ROME – When Pope Francis took a shot at the bands Queen and Florence + The Machine in his annual Lenten message released today, it was merely the latest chapter in a love/hate story between popes and rock-and-roll.

Since the birth of rock in the late 1940s, popes have run alternately hot and cold about it – sometimes deriding rock as a “vehicle of anti-religion,” while at others hailing its potential to be a sort of pre-gospel, offering what St. Justin Martyr in the second century would have called Logos Spermatiko, or “Seeds of the Word.”

From the beginning, there’s been an assumption of animus between popes and rock, given that rock-and-roll incarnates the rejection of tradition and authority, two things of which popes generally serve as the world’s preeminent representative.

So strong was the presumption of mutual dislike that when The Beatles released their ballad “Fool on the Hill” in 1967, a track from the film “Magical Mystery Tour,” many critics took it as a mocking reference to Pope Paul VI, now St. Paul VI.

The relevant lyrics were:

Day after day, alone on a hill
The man with the foolish grin is sitting perfectly still
Nobody wants to know him
They can see that he’s just a fool
But he never gives an answer

That interpretation, by the way, made the rounds even before 1968, when Paul VI issued his famous encyclical Humanae Vitae reaffirming the Church’s traditional ban on birth control, a stance not broadly welcomed among many devotees of “sex, drugs and rock-and-roll.”
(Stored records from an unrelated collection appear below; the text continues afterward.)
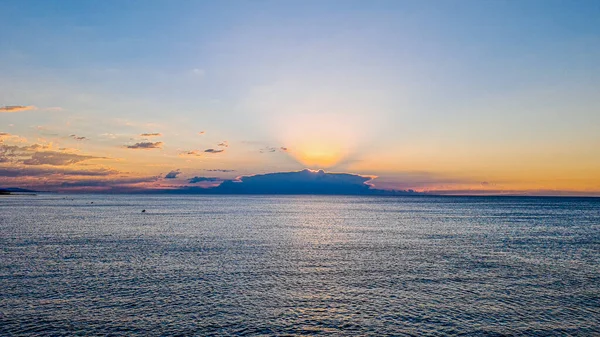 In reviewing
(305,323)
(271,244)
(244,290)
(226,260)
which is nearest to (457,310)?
(305,323)

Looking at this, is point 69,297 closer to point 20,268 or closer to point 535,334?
point 20,268

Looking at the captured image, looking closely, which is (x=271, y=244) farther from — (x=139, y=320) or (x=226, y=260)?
(x=139, y=320)

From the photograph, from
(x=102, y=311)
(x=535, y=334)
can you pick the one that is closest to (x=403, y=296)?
(x=535, y=334)

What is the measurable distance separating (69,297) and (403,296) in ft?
81.6

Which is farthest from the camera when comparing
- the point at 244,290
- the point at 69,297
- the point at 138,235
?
the point at 138,235

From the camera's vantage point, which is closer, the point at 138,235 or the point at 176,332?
the point at 176,332

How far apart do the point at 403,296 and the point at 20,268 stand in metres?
36.2

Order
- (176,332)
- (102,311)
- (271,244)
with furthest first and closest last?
(271,244), (102,311), (176,332)

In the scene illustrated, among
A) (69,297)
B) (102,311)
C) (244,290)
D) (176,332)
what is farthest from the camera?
(244,290)

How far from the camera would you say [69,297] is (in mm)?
31547

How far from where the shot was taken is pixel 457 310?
29312 millimetres

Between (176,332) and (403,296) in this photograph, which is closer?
(176,332)

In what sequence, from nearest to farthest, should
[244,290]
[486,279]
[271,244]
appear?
1. [244,290]
2. [486,279]
3. [271,244]

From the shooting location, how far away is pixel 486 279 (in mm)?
39281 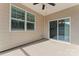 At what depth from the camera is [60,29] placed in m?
8.82

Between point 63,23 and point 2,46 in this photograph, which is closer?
point 2,46

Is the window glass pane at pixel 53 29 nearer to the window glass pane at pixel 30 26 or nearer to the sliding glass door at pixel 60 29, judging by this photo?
the sliding glass door at pixel 60 29

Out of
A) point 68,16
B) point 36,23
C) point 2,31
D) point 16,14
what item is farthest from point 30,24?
point 2,31

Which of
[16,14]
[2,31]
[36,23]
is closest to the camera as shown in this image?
[2,31]

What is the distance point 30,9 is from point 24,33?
2127 mm

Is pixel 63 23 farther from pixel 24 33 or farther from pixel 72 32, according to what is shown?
pixel 24 33

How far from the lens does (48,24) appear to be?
10633 mm

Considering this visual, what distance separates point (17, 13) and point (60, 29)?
3.77m

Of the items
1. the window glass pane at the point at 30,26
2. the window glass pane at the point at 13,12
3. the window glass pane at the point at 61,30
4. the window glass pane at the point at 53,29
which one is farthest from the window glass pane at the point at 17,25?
the window glass pane at the point at 53,29

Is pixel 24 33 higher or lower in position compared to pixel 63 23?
lower

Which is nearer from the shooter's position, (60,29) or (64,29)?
(64,29)

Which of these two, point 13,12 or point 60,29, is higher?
point 13,12

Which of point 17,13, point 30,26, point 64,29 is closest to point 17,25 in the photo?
point 17,13

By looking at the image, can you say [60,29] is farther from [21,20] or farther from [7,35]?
[7,35] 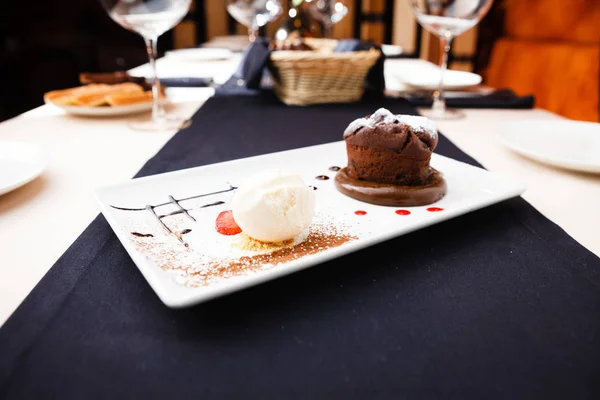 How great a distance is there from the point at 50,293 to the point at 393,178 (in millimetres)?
505

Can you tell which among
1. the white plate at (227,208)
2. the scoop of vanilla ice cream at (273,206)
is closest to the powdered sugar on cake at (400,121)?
the white plate at (227,208)

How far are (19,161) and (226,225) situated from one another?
47 cm

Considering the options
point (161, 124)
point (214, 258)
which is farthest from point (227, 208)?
point (161, 124)

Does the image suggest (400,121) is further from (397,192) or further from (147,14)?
(147,14)

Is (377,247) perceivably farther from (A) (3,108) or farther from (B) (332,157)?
(A) (3,108)

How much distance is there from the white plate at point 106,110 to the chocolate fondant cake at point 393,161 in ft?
2.43

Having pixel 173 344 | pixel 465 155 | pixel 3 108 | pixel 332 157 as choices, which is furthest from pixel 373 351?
pixel 3 108

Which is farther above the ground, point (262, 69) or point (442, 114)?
point (262, 69)

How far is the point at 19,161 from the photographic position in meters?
0.86

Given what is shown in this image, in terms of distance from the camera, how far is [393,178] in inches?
30.2

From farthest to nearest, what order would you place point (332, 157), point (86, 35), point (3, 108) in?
point (86, 35), point (3, 108), point (332, 157)

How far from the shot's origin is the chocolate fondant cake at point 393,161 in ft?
2.41

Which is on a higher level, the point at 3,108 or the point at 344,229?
the point at 344,229

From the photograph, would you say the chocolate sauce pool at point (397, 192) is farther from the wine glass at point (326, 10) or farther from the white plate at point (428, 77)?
the wine glass at point (326, 10) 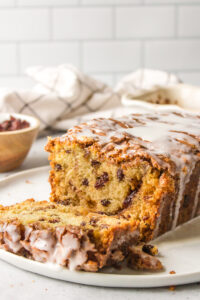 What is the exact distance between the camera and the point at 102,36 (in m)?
6.18

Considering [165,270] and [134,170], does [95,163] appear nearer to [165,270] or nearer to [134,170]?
[134,170]

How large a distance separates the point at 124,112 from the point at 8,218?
2.40 m

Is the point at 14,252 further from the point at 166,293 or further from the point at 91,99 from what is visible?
the point at 91,99

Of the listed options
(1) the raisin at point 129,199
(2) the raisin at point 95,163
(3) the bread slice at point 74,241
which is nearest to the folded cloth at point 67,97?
(2) the raisin at point 95,163

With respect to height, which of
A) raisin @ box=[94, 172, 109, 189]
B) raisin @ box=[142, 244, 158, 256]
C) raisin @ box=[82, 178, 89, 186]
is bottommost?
raisin @ box=[142, 244, 158, 256]

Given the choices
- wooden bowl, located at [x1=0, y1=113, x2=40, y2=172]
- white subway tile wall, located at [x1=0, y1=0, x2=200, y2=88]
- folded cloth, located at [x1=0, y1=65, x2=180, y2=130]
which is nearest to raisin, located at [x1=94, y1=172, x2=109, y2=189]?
wooden bowl, located at [x1=0, y1=113, x2=40, y2=172]

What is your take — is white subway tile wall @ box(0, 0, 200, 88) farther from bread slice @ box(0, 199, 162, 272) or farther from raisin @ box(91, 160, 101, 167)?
bread slice @ box(0, 199, 162, 272)

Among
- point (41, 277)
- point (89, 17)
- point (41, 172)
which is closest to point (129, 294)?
point (41, 277)

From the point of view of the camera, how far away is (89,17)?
6098mm

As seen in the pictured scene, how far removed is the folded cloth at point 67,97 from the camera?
167 inches

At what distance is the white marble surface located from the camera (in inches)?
71.6

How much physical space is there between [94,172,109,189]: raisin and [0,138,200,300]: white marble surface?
2.17 feet

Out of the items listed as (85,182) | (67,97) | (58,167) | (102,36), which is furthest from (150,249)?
(102,36)

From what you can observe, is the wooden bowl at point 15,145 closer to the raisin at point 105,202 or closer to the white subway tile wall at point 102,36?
the raisin at point 105,202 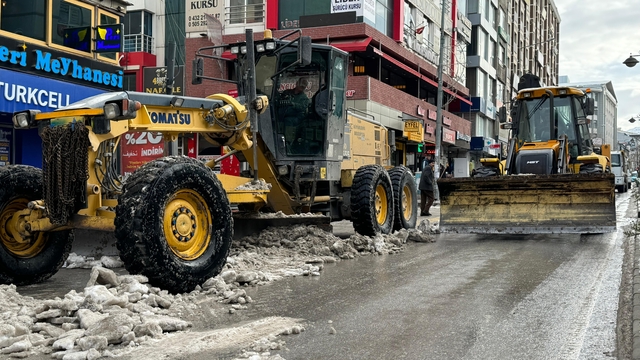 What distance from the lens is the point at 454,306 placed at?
5852 millimetres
Yet popes have not always been uniformly contemptuous.

St. John Paul II, for instance, famed for his keen understanding of youth culture, sometimes wove references to rock-and-roll into his pastoral outreach.

In 1997, the Polish pope took part in a Eucharistic Congress in Bologna, Italy, during which Bob Dylan performed three of his most famous tracks — “Knockin’ on Heaven’s Door,” his 1960s anti-war classic “A Hard Rain’s A-Gonna Fall,” and “Forever Young.”

John Paul then commenced, to use the appropriate musical term, to “riff” on Dylan’s famous ballad “Blowin’ in the Wind.”

The Polish pope told the crowd of some 300,000 young Italian Catholics that the answer was indeed “in the wind” — but not in the wind that blows things away, rather “in the wind of the Spirit” that would lead them to Christ.

He went on.

“You asked me: How many roads must a man walk down before you call him a man? I answer you: one! There is only one road for man and it is Christ, who said: ‘I am the way.’ He is the road of truth, the way of life.”

(In a typical Dylan touch, he then declined to play “Blowin’ in the Wind,” substituting “Forever Young” – which, in a way, was a great choice for the founder of World Youth Day and a pope who inspired a unique devotion among young followers.)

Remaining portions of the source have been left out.